Why Centroids Appear in k-Means:
From an NP-Hard Problem to a Simple Heuristic

2026-01-19

★★★☆☆

20 min

Many of you are probably very familiar with the K-means algorithm (some of you probably because I described it in my book, which is available below).

Learn More

I won't bore you with an introduction to this classic, popular, and very often used method in practice. In this post, we will focus on a certain detail that is extremely important, yet every source overlooks this crucial part. Personally, I haven't yet found a book that explains the topic I'm going to discuss today in a way that satisfies me, and I believe that anyone working in machine learning should know this.

The Mysterious Equation

Let's start with an extremely simple question:
Why is the heuristic algorithm for solving the K-means problem based on centroids?

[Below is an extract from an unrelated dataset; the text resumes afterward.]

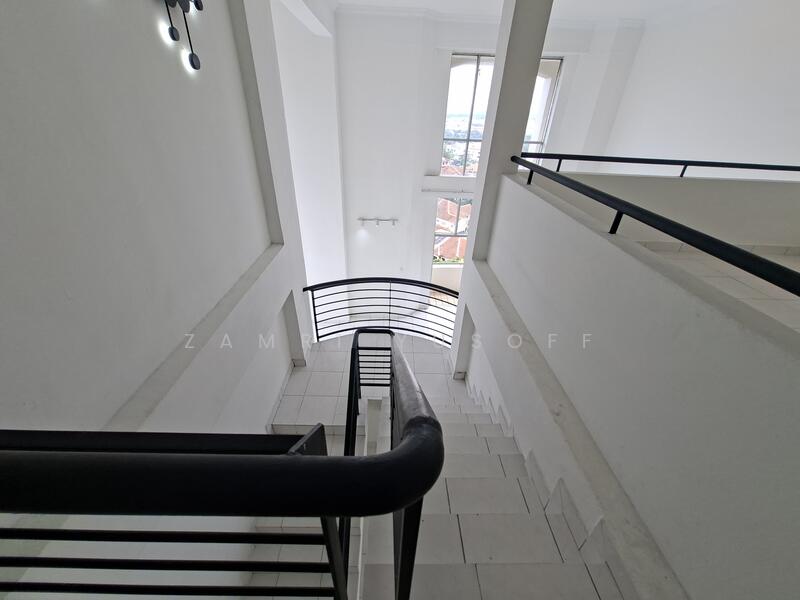 Corridor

But first, let's recall what centroids are, so there are no unnecessary misunderstandings and so that we are using the same definitions.

Let' assume:
• $X = \lbrace x_1,\dots,x_n \rbrace \subset \mathbb{R}^p$ be the set of observations,
• $x_i = (x_{i1},\dots,x_{ip})$,
• $C_k \subset \lbrace1,\dots,n\rbrace$ be the set of indices of points assigned to cluster $k$,
• $|C_k|$ denote the number of observations in cluster $k$.

Then the centroid of cluster $k$ is the vector $$ \bar{x}_k = (\bar{x}_{k1},\dots,\bar{x}_{kp}) \in \mathbb{R}^p $$ with coordinates $$ \bar{x}_{kj} = \frac{1}{|C_k|} \sum_{i \in C_k} x_{ij}, \qquad j = 1,\dots,p. $$

Let's return to the question: Why does K-means use centroids?

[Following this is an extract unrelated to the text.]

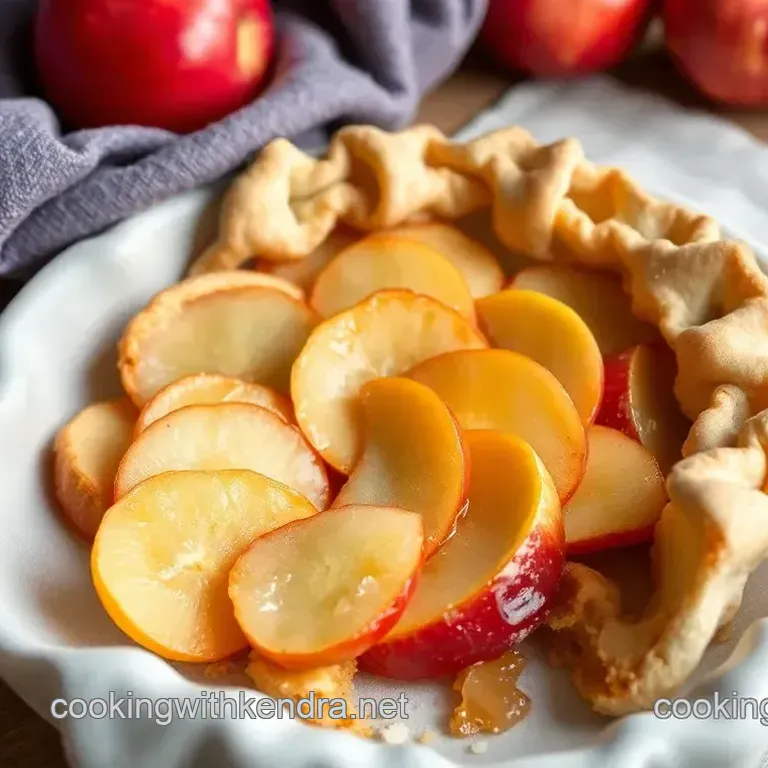 Classic Apple Pie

To answer this question, we need to take a step back and remember that K-means is an optimization problem. This means that it aims to find a solution that minimizes a certain objective function. In the case of K-means, the objective function is the sum of the squared distances between all pairs of points across all clusters, that is $$ \sum_{k=1}^{K}\frac{1}{|C_k|}\sum_{i,i'\in C_k}\sum_{j=1}^{p}(x_{ij}-x_{i'j})^2 $$ This equation exactly captures the essence of the K-means method. We want to divide a set of points into groups so that points that are close to each other are in the same cluster. But nowhere here does the concept of centroids appear. So where do they come from in the K-means algorithm?

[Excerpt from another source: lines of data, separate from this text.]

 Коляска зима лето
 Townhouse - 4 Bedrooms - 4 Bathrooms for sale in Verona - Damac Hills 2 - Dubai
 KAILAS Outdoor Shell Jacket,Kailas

When I was reading books describing the principles of K-means (as is the case, for example, in the popular "An Introduction to Statistical Learning..."), the only thing I came across was a certain equality left unexplained: $$ \frac{1}{|C_k|}\sum_{i,i'\in C_k}\sum_{j=1}^{p}(x_{ij}-x_{i'j})^2=2\sum_{i\in C_k}\sum_{j=1}^{p}(x_{ij}-\overline{x}_{kj})^2 $$ Which we can read as:
The average of the sum of squared distances over all ordered pairs of points in a cluster equals twice the sum of squared deviations of points from the cluster centroid.

This seems quite intuitive, since the centroid "centers" all the points, but although intuition is of course important, in mathematics we still need rigorous proofs.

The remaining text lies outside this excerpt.